The task:
Print the data that follows word for word, leaving out any picture.

═════ Provided material ═════

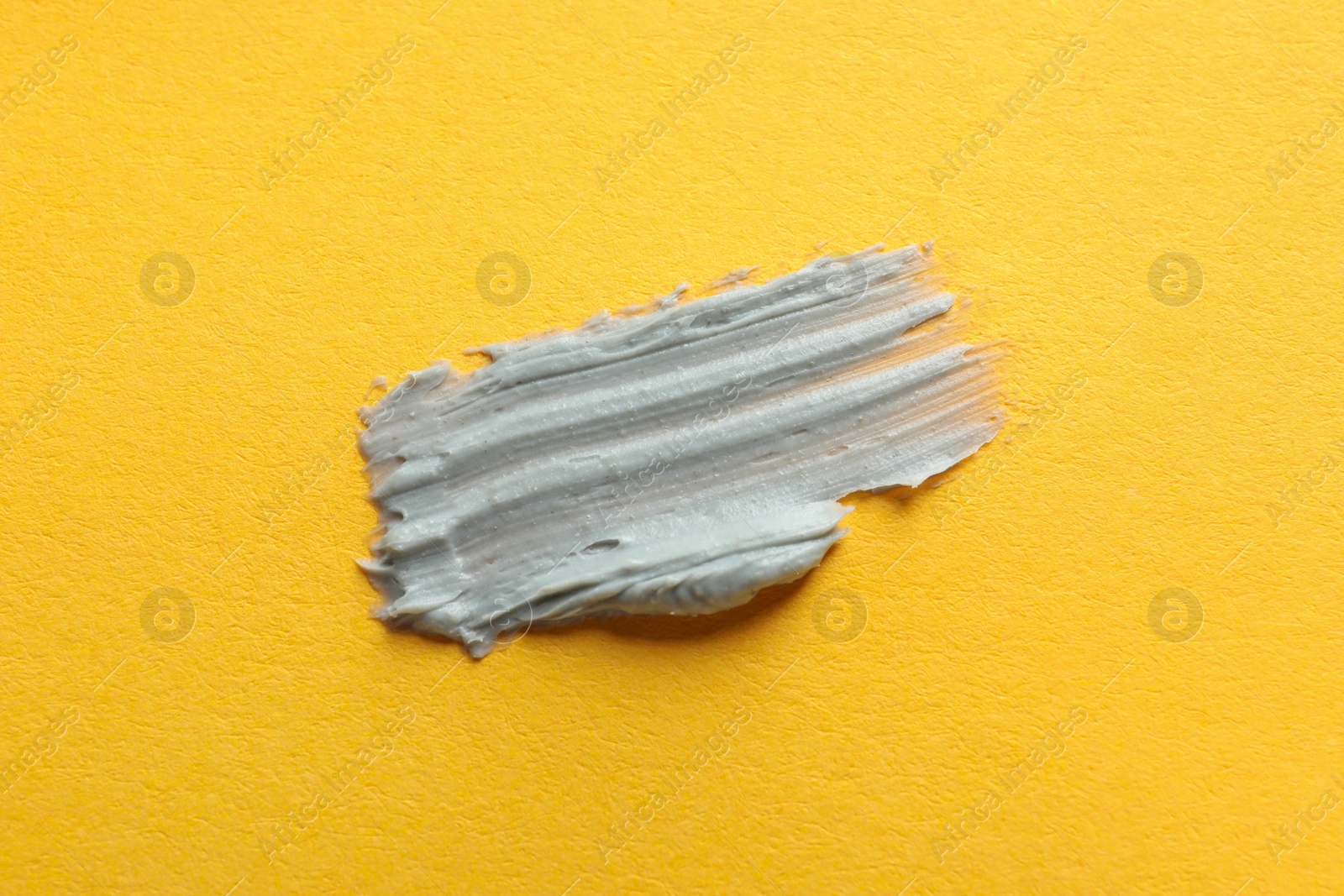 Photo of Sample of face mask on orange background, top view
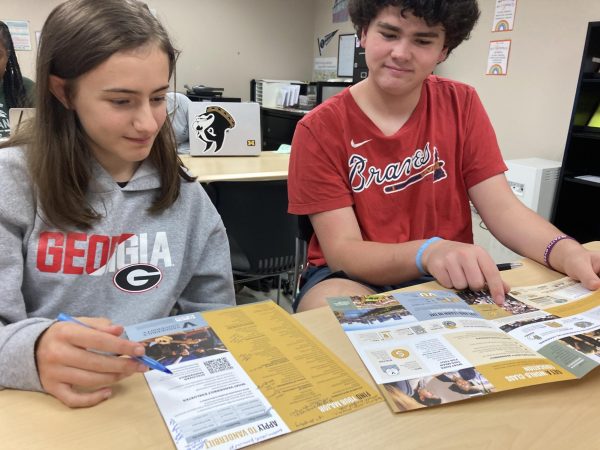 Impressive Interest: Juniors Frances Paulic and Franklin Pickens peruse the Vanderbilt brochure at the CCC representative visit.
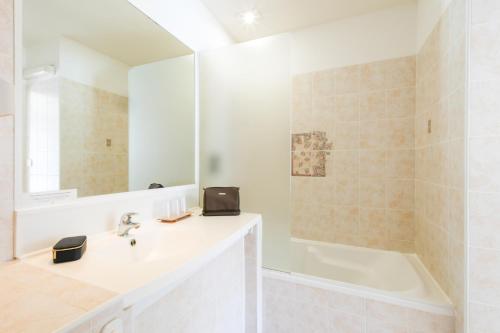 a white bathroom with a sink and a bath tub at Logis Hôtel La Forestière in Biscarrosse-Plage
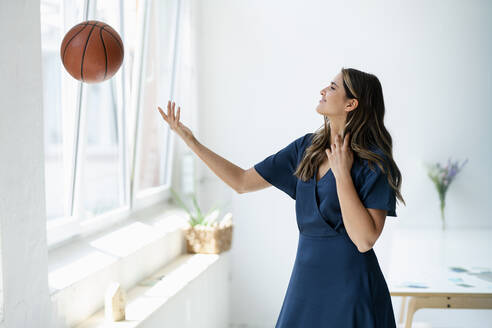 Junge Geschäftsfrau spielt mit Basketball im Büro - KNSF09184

═════

Solution below:
 Photo of Sample of face mask on orange background, top view
 Impressive Interest: Juniors Frances Paulic and Franklin Pickens peruse the Vanderbilt brochure at the CCC representative visit.
 a white bathroom with a sink and a bath tub at Logis Hôtel La Forestière in Biscarrosse-Plage
 Junge Geschäftsfrau spielt mit Basketball im Büro - KNSF09184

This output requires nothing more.